4. Par ailleurs, aux termes de l'article L. 8115-1 du code du travail : " L'autorité administrative compétente peut, sur rapport de l'agent de contrôle de l'inspection du travail mentionné à l'article L. 8112-1, et sous réserve de l'absence de poursuites pénales, soit adresser à l'employeur un avertissement, soit prononcer à l'encontre de l'employeur une amende en cas de manquement : (...) ; 3° A l'article L. 3171-2 relatif à l'établissement d'un décompte de la durée de travail et aux dispositions réglementaires prises pour son application ; (...) ". Aux termes de l'article L. 8115-3 du même code : " Le montant maximal de l'amende est de 4 000 euros et peut être appliqué autant de fois qu'il y a de travailleurs concernés par le manquement. / (...) ". Enfin, aux termes de l'article L. 8115-4 : " Pour déterminer si elle prononce un avertissement ou une amende et, le cas échéant, pour fixer le montant de cette dernière, l'autorité administrative prend en compte les circonstances et la gravité du manquement, le comportement de son auteur, notamment sa bonne foi, ainsi que ses ressources et ses charges ".

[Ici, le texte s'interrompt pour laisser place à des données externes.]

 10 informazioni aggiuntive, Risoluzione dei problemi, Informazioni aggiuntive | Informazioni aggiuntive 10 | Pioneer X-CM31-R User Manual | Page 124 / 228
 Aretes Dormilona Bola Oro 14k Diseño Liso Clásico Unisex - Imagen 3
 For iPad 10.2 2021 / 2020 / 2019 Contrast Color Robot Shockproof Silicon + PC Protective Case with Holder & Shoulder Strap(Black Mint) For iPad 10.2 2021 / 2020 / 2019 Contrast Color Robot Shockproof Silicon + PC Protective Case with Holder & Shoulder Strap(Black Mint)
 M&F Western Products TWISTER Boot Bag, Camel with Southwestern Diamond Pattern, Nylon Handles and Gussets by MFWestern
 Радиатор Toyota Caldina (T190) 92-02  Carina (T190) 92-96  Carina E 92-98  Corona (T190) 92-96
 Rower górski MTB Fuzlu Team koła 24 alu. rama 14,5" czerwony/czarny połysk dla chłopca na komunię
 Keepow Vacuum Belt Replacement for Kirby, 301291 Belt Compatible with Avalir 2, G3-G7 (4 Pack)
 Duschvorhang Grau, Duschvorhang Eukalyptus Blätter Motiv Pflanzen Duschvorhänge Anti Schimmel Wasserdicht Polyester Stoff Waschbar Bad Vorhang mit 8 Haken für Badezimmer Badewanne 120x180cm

En ce qui concerne le choix de la sanction :
5. Il résulte de l'instruction qu'à la suite du contrôle effectué au sein de l'entreprise ABN le 28 février 2019, qui avait révélé l'existence d'horaires distincts réalisés par les quatre salariés alors présents, et après l'entretien réalisé le 25 mars 2019 avec l'employeur, qui avait reconnu ne pas tenir de document de décompte du temps de travail, l'agent de contrôle a, par un courrier du 16 avril 2019, informé la société ABN qu' " en l'absence de relevés horaires " dans l'entreprise, il envisageait de rédiger un rapport en vue d'une sanction administrative, conformément aux dispositions de l'article L. 8115-1 du code du travail, à raison d'un manquement " à l'article L. 3171-2 relatif à l'établissement d'un décompte de la durée de travail et aux dispositions réglementaires prises pour son application ". La société requérante ne conteste pas qu'à la date à laquelle le contrôle a été réalisé, pas plus d'ailleurs qu'à la date à laquelle elle a été informée de l'intention de l'agent de contrôle de transmettre un rapport en vue du prononcé d'une sanction, elle n'avait pas mis en place de décompte quotidien et hebdomadaire des heures de travail accomplies par chacun de ses salariés, en méconnaissance de l'obligation prévue aux articles L. 3171-2 et D. 3171-8 du code du travail. Il résulte de l'instruction que ce n'est qu'après réception du courrier du 25 septembre 2019 par lequel la directrice régionale des entreprises, de la concurrence, de la consommation, du travail et de l'emploi Grand Est l'a informée de son intention de lui infliger une amende et l'a invitée à présenter ses observations, que son gérant a produit des relevés de temps de travail quotidien pour les mois d'avril à septembre 2019. Toutefois, et ainsi que l'a retenu l'autorité administrative dans sa décision du 2 décembre 2019 en litige, ces documents de décompte ne comportent pas la mention du total hebdomadaire des heures de travail si bien que l'entreprise ne s'était, à cette date, que partiellement mise en conformité avec la réglementation qu'elle avait méconnue.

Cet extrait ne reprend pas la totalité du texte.